In Germany, whose leaders have been busy decommissioning nuclear plants, RWE, Vattenfall, and Steag are now preparing to run their coal-fired power plants perhaps long beyond yesterday’s 2030 death date. Today, German coal companies are preparing power plants to operate at full speed, arming themselves in the event Russia cuts off all natural gas supplies.

Germany has even greenlighted drilling for natural gas by a Dutch company in the North Sea about 20 kilometers north of the Wadden Sea Islands. To make this happen, the German government opted to relax its attitude about oil and gas drilling in its territories.

The Germans last year got almost 30 percent of their electricity from nearly 26 gigawatts (GW) of active coal capacity on the grid. But other coal-fired power plants previously available only as a reserve could beef that total up to 34 GW; still other coal plants are already off the grid.

Other European buyers are purchasing coal from South Africa now that Russian coal is unsellable with many European utilities. Coal flows from South Africa, Colombia, and even the United States to Europe have increased in recent weeks as Putin rages. Historically, most South African coal has gone to India and other Asian markets.

Italian Prime Minister Mario Draghi recently acknowledged that coal-fired power plants there may need to be reopened in the wake of Russian aggression. Putin, it seems, has put the Green Revolution on hold.

And for good reason.

As Bill Winters, CEO of the British multinational banking and financial services firm Standard Chartered, said just last week, “The idea that we can turn off the taps and end fossil fuels tomorrow, it’s obviously ridiculous and naïve. First of all, it’s not going to happen and secondly, it would be very disruptive.

Fossil fuels, Winters explained, play a crucial role in developed and emerging economies and companies continue to discover and develop oil and gas fields around the world. “In many of the emerging markets that Standard Chartered serves, if we tell them that, one, we’re about to screw you and, two, you’re going to have to pay for it, well, they’re going to say, fine, we’re not going to be a part of that system.”
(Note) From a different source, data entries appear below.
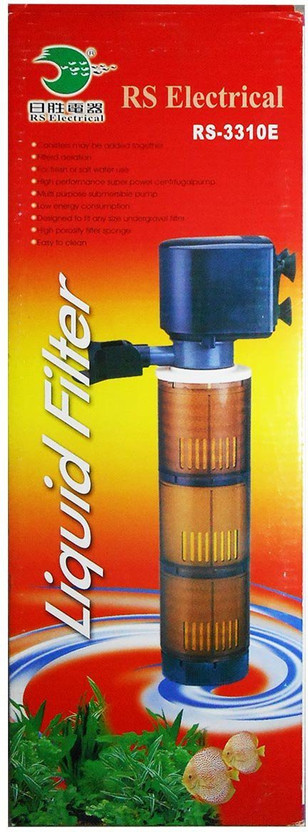 RS ELECTRICAL RS-3310E LIQUID FILTER | POWER : 30W | Q.MAX - 1800 L/H Sponge Aquarium Filter(Mechanical Filtration for Salt Water and Fresh Water)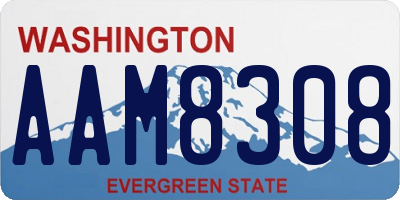 WA license plate AAM8308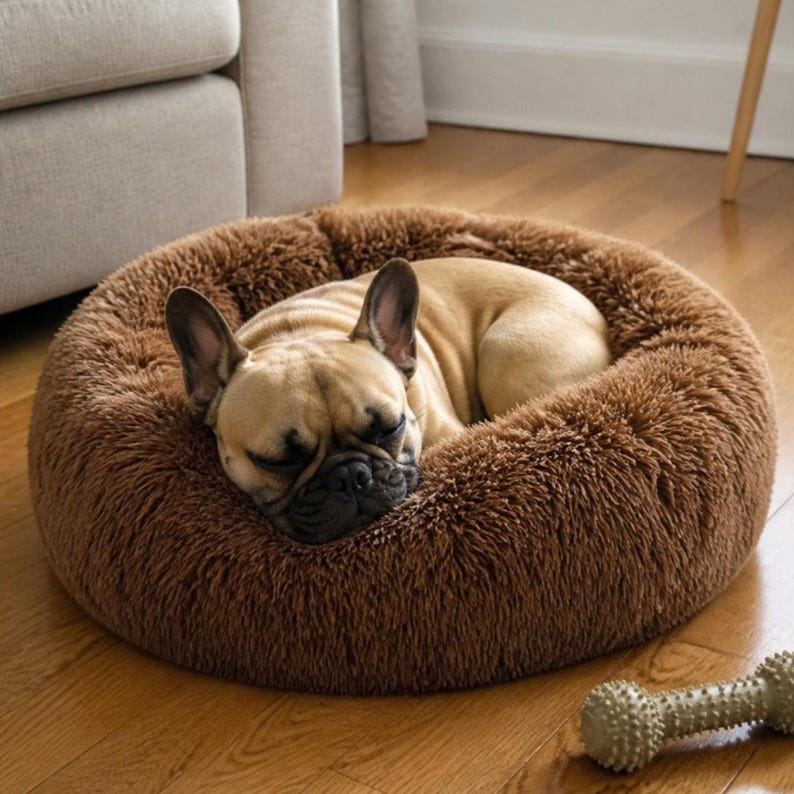 Donut Dog Bed, Fluffy Calming Dog Bed for Small, Medium & Large Dogs, Washable Plush Pet Bed, Round Faux Fur Dog Bed, Donut Cat Bed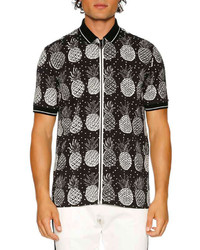 Dolce & Gabbana Pineapple Full Zip Polo Shirt Blackwhite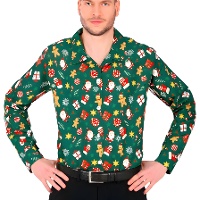 Camicia natalizia verde con Babbo Natale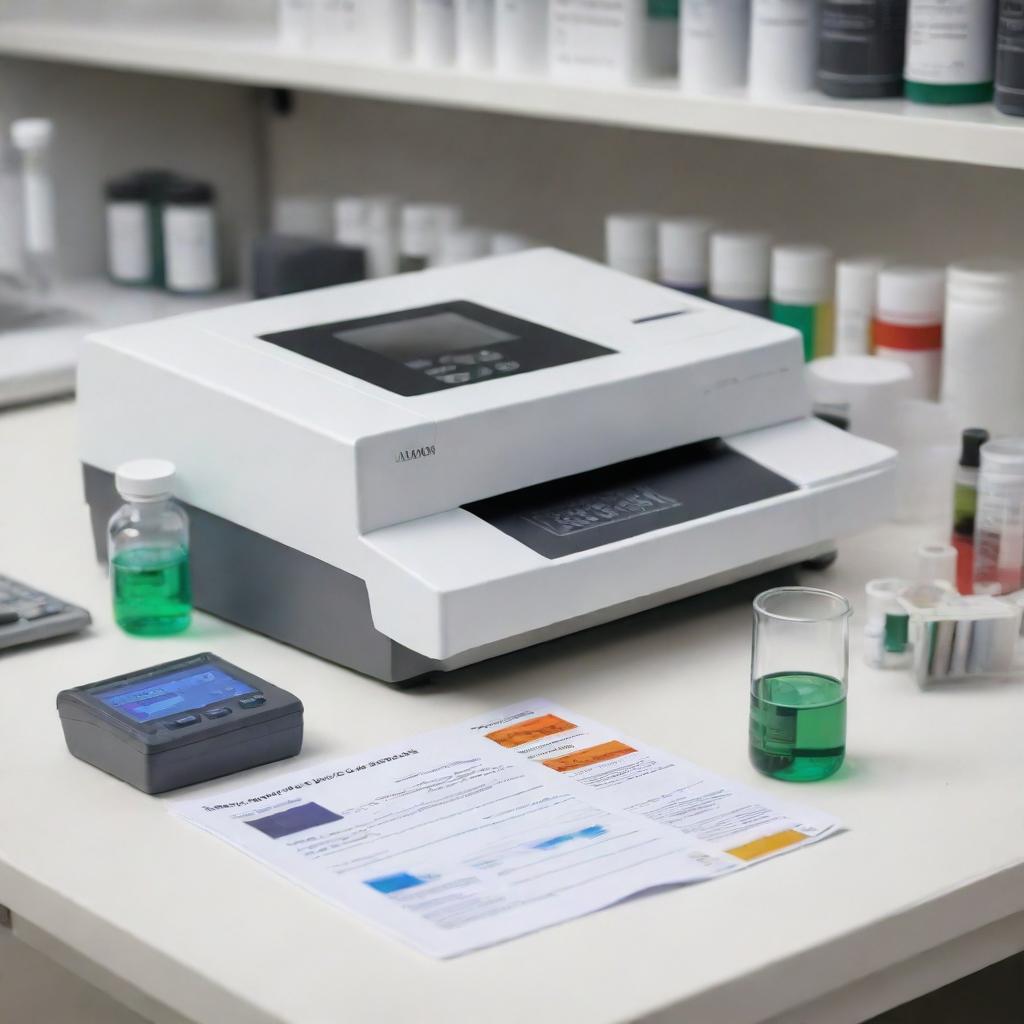 Render a highly detailed illustration of a spectrophotometer in a laboratory setting, alongside various pieces of biochemical laboratory equipment. Include visual indicators of its key components and how it may be used to measure biomolecule activity in an organism.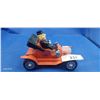 Image 1 : Vintage tin toy man in orange car, made in Japan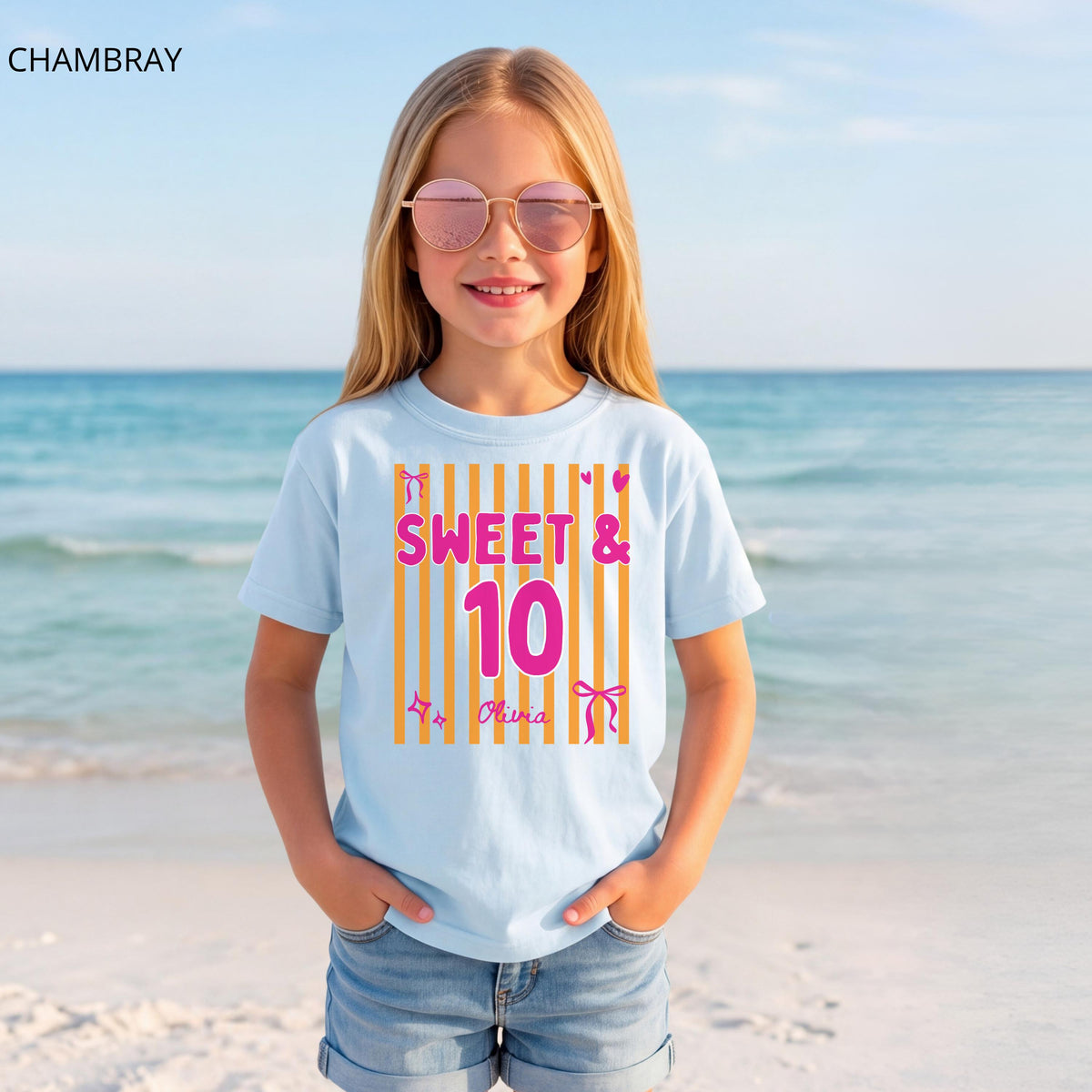 Personalized Sweet 10 Birthday Shirt, Coquette Bow Double Digits Tee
Winters’ words were bile to climate activists and the socialists at the World Economic Forum who demand an immediate end to fossil fuel financing and a rapid phaseout of all fossil fuel energy as early as 2030, but surely by 2050. Those most offended may be the minions at the United Nations’ Intergovernmental Panel on Climate Change (IPCC) and the fearful crowd who have for decades predicted impending climate catastrophe.

An IPCC working group just announced that the world must get serious about ending carbon dioxide emissions immediately in order to meet the doomsday standard of 1.5o C above pre-industrial levels. Worldwide emissions must begin to fall by 2025 or we are all doomed, said the well-endowed panel.

The world is, however, well informed that China has no plans to cut emissions anytime soon, nor does India. African nations insist that their long-suppressed economies must rely on domestic oil, natural gas, and even coal to bring the “dark” continent into the 21st Century–something that many environmental and cultural activists have joined their colonialist (and slave selling) forebears to have prevented for centuries.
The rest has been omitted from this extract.